Supervisor: Prof. dr. Guido Vanham (ITM, University of Antwerp)
Although combination antiretroviral therapy (cART) is very effective at suppressing viral replication and preventing disease progression, it is not curative due to the existence of a latent viral reservoir in resting memory CD4+ T cells. As a result, HIV infected patients need to take life-long antiretroviral therapy. Besides the high economic cost, it is proving to be very challenging to get all HIV positive people on treatment, especially in low -and middle income countries. In addition, although the pill burden has been reduced to one pill per day, daily treatment continues to affect quality of life and may still have a long-term impact on the patients’ health. Therefore, a cure for HIV is needed.

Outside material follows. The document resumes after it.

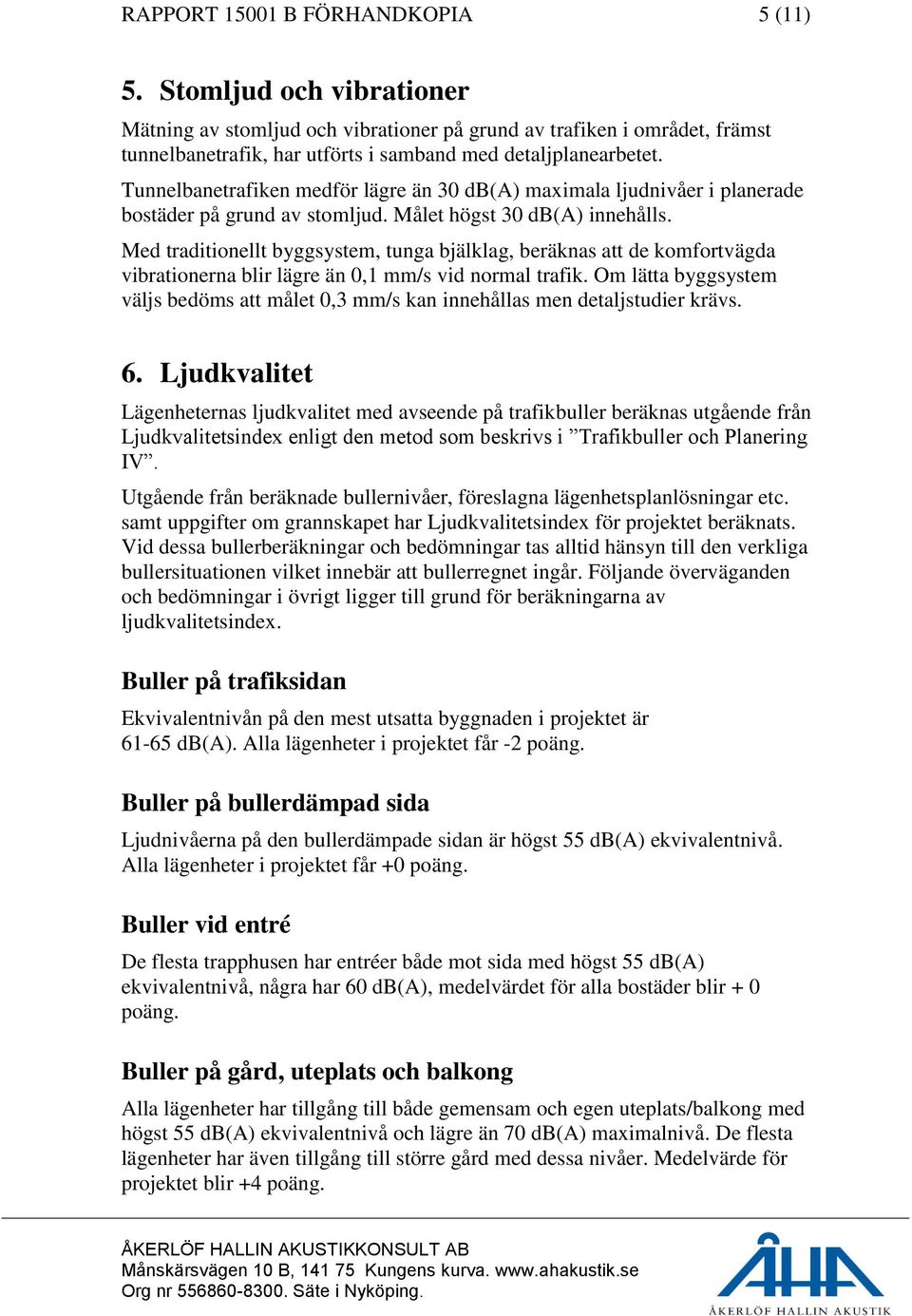 Tunnelbanetrafiken medför lägre än 30 db(a) maximala ljudnivåer i planerade bostäder på grund av stomljud. Målet högst 30 db(a) innehålls.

It is becoming increasingly clear that achieving a ‘sterilizing cure’, where a patient becomes completely virus-free, will be very difficult. In contrast, achieving a ‘functional cure’, where a patient is still infected but suppresses the virus without the need for drugs after a period of therapy, might be more realistic. This state of “post-treatment control” has been observed in a small proportion of patients and has become an important focus of HIV cure research. The main goal of this doctoral thesis was to find immunologic and/or viral biomarkers which are predictive of functional cure with the help of three clinical trials.
In the first trial we hypothesized that virally suppressed patients on cART who have a very small viral reservoir (measured as the amount of proviruses) and very little proviral transcriptional activity (measured as the amount of cell-associated viral RNA), would be more likely to have delayed viral rebound after treatment interruption as compared to the general HIV positive population on cART. Sixteen such patients interrupted therapy but all experienced rapid viral rebound within two to eight weeks. This observation is consistent with the findings from other recent trials and affirms that it is unlikely that post-treatment control can be achieved by merely reducing the size of the reservoir, and that an immune intervention is required.
In the second trial we set up a sensitive and specific assay to measure the in vitro viral inhibitory activity (VIA) of CD8+ T cells, which was to be used in the third (therapeutic vaccination) trial. In addition, we explored associations between VIA and clinical, viral and immune parameters. Interestingly, we found positive associations of VIA with expression of immune exhaustion markers PD1 and CD160, as well as with CD57, a marker of replicative senescence, and HLA-DR, a marker of immune activation, on terminally differentiated memory CD8+ T cells. While we did not show that these cells are responsible for the VIA we measured, it indicates that a distinct activation state of fully differentiated memory cells might play an important role in suppressing viral replication.
In the third and last trial, we assessed the immunogenicity of an innovative therapeutic vaccination strategy and its capacity to induce delayed viral rebound after treatment interruption in virally suppressed patients on cART. Study participants received three intra-nodal injections of a naked mRNA vaccine. The mRNA construct coded for a set of rationally selected, conserved, immune subdominant HIV peptides (vaccine) and three dendritic cell activation stimuli (adjuvant). Unfortunately, the construct was found to contain an error which likely compromised the translation of the mRNA, thereby invalidating the findings of the trial.
In conclusion, the findings from this doctoral work contribute to the growing consensus that the induction of a functional cure will require an immune intervention (e.g. therapeutic vaccination) on top of a sufficiently reduced viral reservoir. Unfortunately, we were not able to verify the potential of our own therapeutic vaccine due to a serious error in the mRNA construct which was produced by one of our private partners.